Amol, like Sunil, thrives on strife; they cannot imagine a world without it. They owe their positions, the respect they are accorded, and the living they make to strife. Alliances must shift constantly to ensure that strife continues, so the definitions of friend, enemy, and human being are relative terms. Theirs is a constant scrambling for place on a ladder of allegiances: who is in whose group, who will be given a ticket for the legislative elections, who gets what cut of the constant flow of payments—to unions, to the police, to the government, to your enemies in return for not extracting vengeance.

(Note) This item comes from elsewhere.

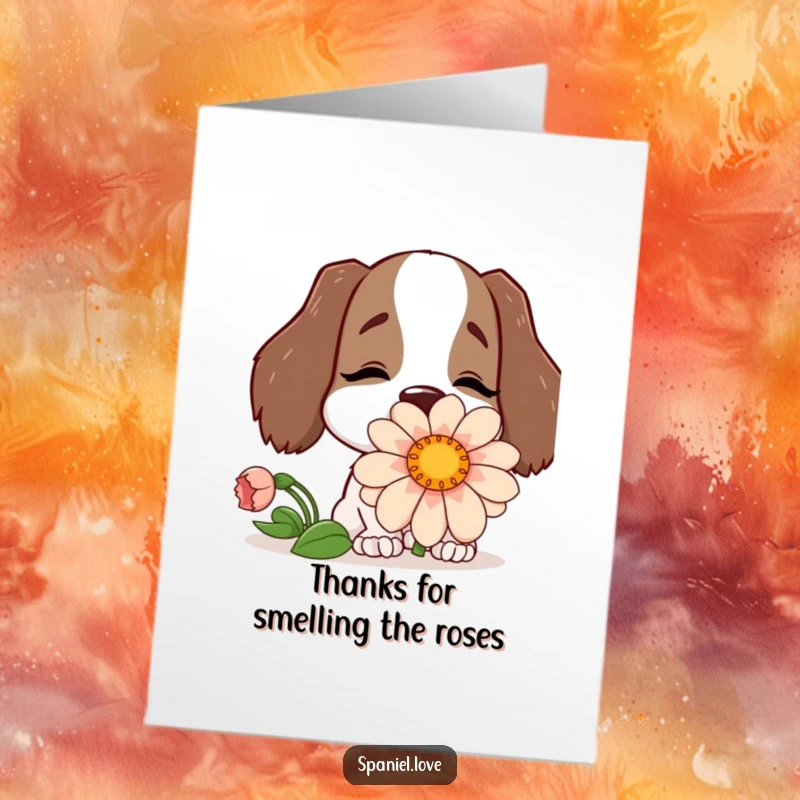 Funny Free Printable Thank You Card: A happy spaniel buries its nose in an oversized flower, a sweet and funny thank you.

The Bombay word for strife is lafda (which can also mean an affair or romantic entanglement). People flock wherever there is a lafda; you’ll notice a large group of men, watching intently, unblinking, as near as possible to the lafda, so as not to miss a single second of
it. “In Bombay there must be ten to fifteen lafdas a day,” Amol guesses. The foot soldiers of the lafda are the taporis: the street punks. The bhais—dons—and the netas—politicians—need a constant pool of taporis to maintain their positions. Amol is at heart a tapori: too passionate to be a shooter, too undiplomatic to be a neta, too stupid to be a bhai. He gets drunk and fights with his bare hands or with readily available weapons: glass jars from a roadside shop, swords, pieces of train track. He has a loyal following among the taporis, but he can never reach the heights that Sunil has. Sunil would never get hurt in a lafda. Amol leads out in front, but the back is where the real action is; in the back, smarter people are plotting the next move. When the time came to choose a divisional leader for the party, the shakha pramukh, Bhikhu Kamath put forward Sunil’s name. Angered, Amol entered the next legislative election as an independent. Sunil got Amol’s campaign workers drunk, and Amol lost out to the BJP—Sena combine.

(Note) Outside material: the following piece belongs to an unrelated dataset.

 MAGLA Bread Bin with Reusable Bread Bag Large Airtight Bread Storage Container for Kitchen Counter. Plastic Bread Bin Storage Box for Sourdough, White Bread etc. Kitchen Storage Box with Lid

Sunil, says Amol to me over dinner at a nearby restaurant, has a politician’s mind. “Even today he thinks he is an MLA,” a member of the legislative assembly. These are not words of praise from Amol, who is essentially a foot soldier, though he is a Brahmin and Sunil is a Maratha. But then, in today’s Bombay, it is the Marathas who are ruling, not the Brahmin Peshwas of old. Sunil generally decides how the spoils from their various illegal ventures are split and settles the ratio to his advantage. Amol is aware that Sunil cheats him. At some point, their rivalry will boil over into blood. But still, Amol feels obliged to beat up anyone who insults Sunil. “I believe Sunil is superior to me. He is the big man in my group.”
Amol has lost faith in the Saheb. “I used to respect Balasaheb more than God. Now he is sitting in Matoshree with a girl in one hand and a drink in the other, while we are getting beat up in jail. I am going to remove Balasaheb’s picture from my wall and put up my own. What the Congress didn’t eat in forty years the Sena ate in three.” He has noticed that big companies are leaving Bombay; he has seen the jobs cut down in his own area. Men such as Amol are not dreaming of moving to Malabar Hill. Their dreams are more limited in scale. Amol has marked out the small open space in front of his house; he would like to expand the house there, build a balcony. Pleasure is taken at the beer bar. They are not especially devout, although they will follow the rituals readily enough. Most of them are loyal to the concept of the Indian nation, but they won’t go into the army.